In the book's conclusion, excerpts of which are printed below, Haqqani had sharp words for the Pakistani military's relationship with extremist groups and its effects on the country's development into a modern state. -Foreign Policy
In an effort to become an ideological state guided by a praetorian military, Pakistan has found itself accentuating its dysfunction, especially during the past two decades. The commitment or lack of commitment of the ordinary Pakistani citizen to Islam has hardly been the major issue in Pakistan's evolution. A large number of otherwise practicing Muslims have demonstrated through the ballot box time and again their desire to embrace pragmatic political and economic ideas. Most Pakistanis would probably be quite content with a state that would cater to their social needs, respect and protect their right to observe religion, and would not invoke Islam as its sole source of legitimacy; but the military's desire to dominate the political system and define Pakistan's national security priorities has been the most significant, although not the only, factor in encouraging an ideological paradigm for Pakistan.

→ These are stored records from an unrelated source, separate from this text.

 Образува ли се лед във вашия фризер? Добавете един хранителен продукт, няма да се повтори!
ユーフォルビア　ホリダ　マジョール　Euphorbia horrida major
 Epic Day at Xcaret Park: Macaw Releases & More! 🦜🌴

At its birth, Pakistan started life with many disadvantages as the seceding state. Some of its security concerns, such as the need for a credible deterrent against India, are real, but the Pakistani military's desire for institutional supremacy within the country has created psychological and political layers to the Pakistani nation's sense of insecurity. The alliance between mosque and military in Pakistan maintains, and sometimes exaggerates, these psycho-political fears and helps both the Islamists and the generals in their exercise of political power. Support for the Pakistani military by the United States makes it difficult for Pakistan's weak, secular, civil society to assert itself and wean Pakistan from the rhetoric of Islamist ideology toward issues of real concern of Pakistan's citizens.

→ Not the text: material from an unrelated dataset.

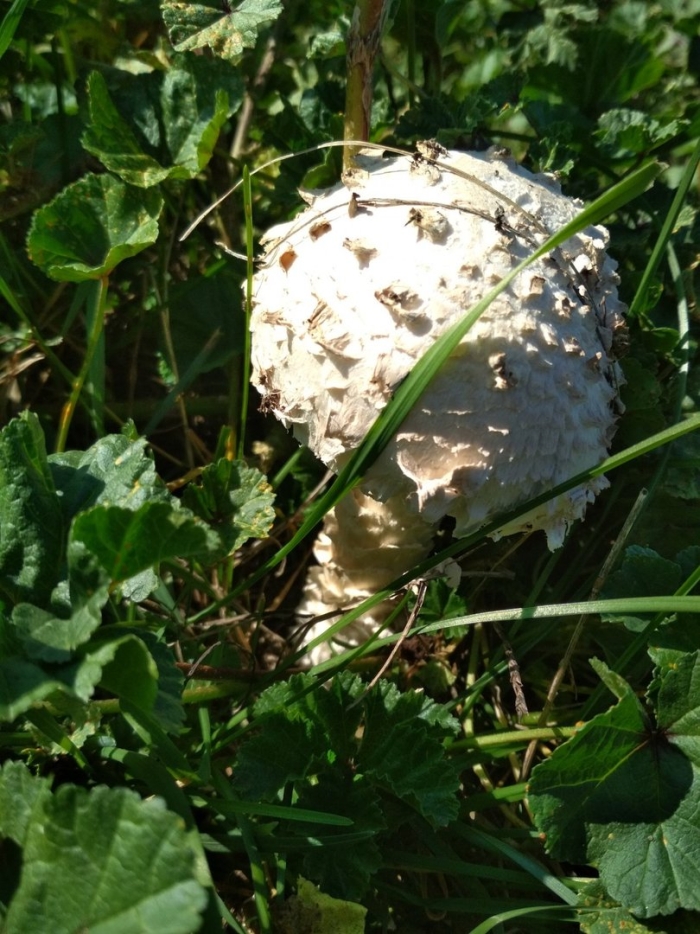 Зонтик пёстрый macrolepiota procera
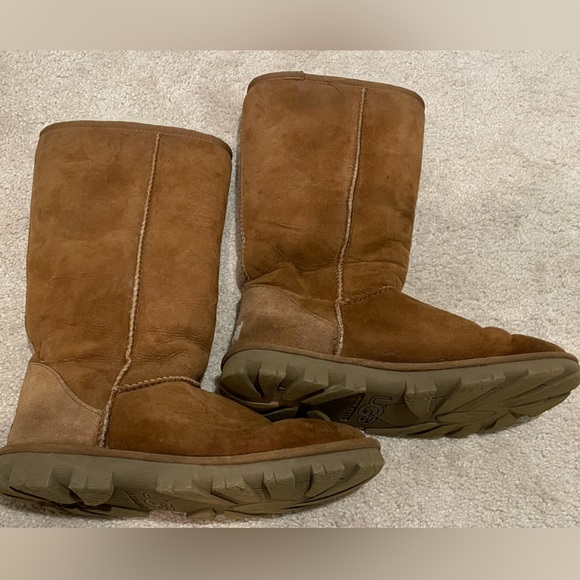 UGG Shoes Ugg Australia Classic Essential Tall Knee Highmidcalf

From the point of view of the United States, Pakistan offers few political choices. Although listed among the U.S. allies in the war on terrorism, Pakistan cannot be easily characterized as either friend or foe. Pakistan has become a major center of radical Islamist ideas and groups, largely because of its policies of support for Islamist militants fighting Indian rule in the disputed territory of Jammu and Kashmir as well as the Taliban in its pursuit of a client regime in Afghanistan. Since September 11, 2001, however, the selective cooperation of Pakistan's military ruler, General Pervez Musharraf - sharing intelligence with the United States and apprehending Al Qaeda members - has led to the assumption that Pakistan might be ready to give up its long-standing ties with radical Islam. At the same time, the United States cannot ignore the fact that Pakistan's status as an Islamic ideological state is rooted deeply in history and is linked closely with both the praetorian ambitions of Pakistan's military and the worldview of Pakistan's elite.
In the foreseeable future, Islam will remain a significant factor in Pakistan's politics. Musharraf and his likely successors from the ranks of the military, promising reform, will continue to seek U.S. economic and military assistance; yet the power of such promises is tempered by the strong links between Pakistan's military-intelligence and apparatus and extremist Islamists.